• Problem description: In the data that follows, find the line with "Vittanly 8x10 Picture"; transcribe it, every later line up to the one with "Botswana Map Silhouette", and that line as well, exactly and with no others.

Crawled caption data:
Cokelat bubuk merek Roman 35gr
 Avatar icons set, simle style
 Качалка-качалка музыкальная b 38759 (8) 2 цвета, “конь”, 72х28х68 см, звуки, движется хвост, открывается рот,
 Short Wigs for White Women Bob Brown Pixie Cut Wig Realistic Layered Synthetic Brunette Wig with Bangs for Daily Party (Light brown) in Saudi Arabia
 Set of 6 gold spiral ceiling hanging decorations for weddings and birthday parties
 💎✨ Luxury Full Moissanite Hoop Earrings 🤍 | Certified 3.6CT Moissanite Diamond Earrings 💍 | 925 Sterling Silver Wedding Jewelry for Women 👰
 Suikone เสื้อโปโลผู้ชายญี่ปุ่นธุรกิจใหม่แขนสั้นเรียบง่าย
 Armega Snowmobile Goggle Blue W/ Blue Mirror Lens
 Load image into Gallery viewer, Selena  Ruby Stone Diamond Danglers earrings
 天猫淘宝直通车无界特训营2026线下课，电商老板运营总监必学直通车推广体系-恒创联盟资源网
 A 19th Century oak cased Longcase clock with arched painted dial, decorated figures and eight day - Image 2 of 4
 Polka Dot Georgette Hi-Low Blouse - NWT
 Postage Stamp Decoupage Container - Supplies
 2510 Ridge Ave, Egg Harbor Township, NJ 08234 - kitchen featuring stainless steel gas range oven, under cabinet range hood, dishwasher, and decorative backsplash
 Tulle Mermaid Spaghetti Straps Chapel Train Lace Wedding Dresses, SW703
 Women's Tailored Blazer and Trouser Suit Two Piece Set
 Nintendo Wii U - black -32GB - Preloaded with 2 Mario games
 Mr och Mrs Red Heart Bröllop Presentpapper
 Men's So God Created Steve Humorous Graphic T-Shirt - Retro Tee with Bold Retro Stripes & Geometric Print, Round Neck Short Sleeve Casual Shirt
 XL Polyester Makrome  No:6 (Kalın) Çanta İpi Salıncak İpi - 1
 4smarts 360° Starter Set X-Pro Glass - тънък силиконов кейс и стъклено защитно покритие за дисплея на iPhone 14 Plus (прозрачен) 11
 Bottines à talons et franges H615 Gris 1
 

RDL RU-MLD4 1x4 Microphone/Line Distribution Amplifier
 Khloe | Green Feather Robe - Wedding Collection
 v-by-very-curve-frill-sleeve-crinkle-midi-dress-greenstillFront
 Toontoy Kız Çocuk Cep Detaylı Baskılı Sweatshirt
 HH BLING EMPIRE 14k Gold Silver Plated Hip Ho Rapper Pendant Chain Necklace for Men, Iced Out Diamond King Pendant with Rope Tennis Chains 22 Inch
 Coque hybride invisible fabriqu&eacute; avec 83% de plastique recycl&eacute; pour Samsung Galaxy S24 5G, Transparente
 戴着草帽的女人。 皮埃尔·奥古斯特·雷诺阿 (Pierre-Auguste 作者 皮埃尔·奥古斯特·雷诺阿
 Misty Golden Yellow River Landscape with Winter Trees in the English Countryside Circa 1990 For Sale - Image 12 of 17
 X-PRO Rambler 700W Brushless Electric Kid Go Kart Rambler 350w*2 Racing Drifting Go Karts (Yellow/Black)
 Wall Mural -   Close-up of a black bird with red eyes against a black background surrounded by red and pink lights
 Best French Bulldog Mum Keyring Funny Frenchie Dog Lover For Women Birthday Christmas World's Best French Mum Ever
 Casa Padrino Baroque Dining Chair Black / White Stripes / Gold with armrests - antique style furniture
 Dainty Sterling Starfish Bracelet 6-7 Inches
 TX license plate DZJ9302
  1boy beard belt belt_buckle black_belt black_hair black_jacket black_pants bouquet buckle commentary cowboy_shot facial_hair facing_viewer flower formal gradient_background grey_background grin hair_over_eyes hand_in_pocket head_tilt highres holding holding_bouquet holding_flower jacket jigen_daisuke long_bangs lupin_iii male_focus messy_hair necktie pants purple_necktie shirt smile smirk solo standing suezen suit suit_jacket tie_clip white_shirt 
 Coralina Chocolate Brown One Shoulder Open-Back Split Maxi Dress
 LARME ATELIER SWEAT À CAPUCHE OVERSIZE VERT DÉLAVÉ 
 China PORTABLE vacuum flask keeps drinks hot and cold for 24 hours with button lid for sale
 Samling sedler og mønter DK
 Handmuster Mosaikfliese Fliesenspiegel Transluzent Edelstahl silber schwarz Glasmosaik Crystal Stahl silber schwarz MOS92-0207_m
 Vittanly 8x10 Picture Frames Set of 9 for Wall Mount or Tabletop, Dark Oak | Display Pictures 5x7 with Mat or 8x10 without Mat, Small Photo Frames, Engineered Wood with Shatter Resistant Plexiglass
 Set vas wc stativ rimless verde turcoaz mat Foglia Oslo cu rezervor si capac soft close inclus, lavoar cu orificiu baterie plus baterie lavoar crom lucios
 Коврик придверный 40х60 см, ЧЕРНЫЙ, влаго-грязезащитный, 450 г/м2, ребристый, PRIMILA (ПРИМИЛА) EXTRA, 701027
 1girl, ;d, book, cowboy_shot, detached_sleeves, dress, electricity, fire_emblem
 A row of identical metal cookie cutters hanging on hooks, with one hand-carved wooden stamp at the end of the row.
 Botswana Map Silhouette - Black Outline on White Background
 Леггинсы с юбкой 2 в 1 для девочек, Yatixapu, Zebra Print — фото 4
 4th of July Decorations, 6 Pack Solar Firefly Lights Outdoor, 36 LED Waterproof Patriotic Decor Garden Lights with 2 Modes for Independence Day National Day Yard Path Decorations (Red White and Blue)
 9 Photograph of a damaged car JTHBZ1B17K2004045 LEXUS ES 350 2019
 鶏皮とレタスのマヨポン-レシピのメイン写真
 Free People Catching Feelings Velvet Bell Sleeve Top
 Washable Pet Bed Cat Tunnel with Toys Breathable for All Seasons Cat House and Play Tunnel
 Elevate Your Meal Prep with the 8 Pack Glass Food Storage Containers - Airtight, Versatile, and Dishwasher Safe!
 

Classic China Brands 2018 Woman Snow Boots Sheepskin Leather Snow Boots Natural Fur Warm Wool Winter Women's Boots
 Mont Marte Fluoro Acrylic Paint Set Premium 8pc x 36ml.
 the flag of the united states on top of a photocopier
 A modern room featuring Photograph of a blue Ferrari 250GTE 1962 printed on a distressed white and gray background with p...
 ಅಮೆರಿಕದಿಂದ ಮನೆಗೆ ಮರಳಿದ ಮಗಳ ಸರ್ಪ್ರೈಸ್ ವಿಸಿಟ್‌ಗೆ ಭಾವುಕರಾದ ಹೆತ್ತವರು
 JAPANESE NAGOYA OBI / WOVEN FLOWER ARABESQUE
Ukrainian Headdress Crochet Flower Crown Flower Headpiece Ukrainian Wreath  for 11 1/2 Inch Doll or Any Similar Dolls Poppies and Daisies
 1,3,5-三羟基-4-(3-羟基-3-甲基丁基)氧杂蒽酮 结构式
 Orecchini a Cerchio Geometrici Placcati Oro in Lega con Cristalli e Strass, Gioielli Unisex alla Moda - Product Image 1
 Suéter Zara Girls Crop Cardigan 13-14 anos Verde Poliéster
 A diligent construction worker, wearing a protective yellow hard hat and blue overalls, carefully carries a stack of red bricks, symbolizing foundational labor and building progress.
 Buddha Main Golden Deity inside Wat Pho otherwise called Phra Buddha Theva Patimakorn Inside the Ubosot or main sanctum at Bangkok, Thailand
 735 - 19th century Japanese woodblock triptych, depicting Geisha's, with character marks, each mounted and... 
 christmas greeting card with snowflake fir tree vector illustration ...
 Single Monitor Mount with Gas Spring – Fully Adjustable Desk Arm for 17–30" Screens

• Worked solution:
 Vittanly 8x10 Picture Frames Set of 9 for Wall Mount or Tabletop, Dark Oak | Display Pictures 5x7 with Mat or 8x10 without Mat, Small Photo Frames, Engineered Wood with Shatter Resistant Plexiglass
 Set vas wc stativ rimless verde turcoaz mat Foglia Oslo cu rezervor si capac soft close inclus, lavoar cu orificiu baterie plus baterie lavoar crom lucios
 Коврик придверный 40х60 см, ЧЕРНЫЙ, влаго-грязезащитный, 450 г/м2, ребристый, PRIMILA (ПРИМИЛА) EXTRA, 701027
 1girl, ;d, book, cowboy_shot, detached_sleeves, dress, electricity, fire_emblem
 A row of identical metal cookie cutters hanging on hooks, with one hand-carved wooden stamp at the end of the row.
 Botswana Map Silhouette - Black Outline on White Background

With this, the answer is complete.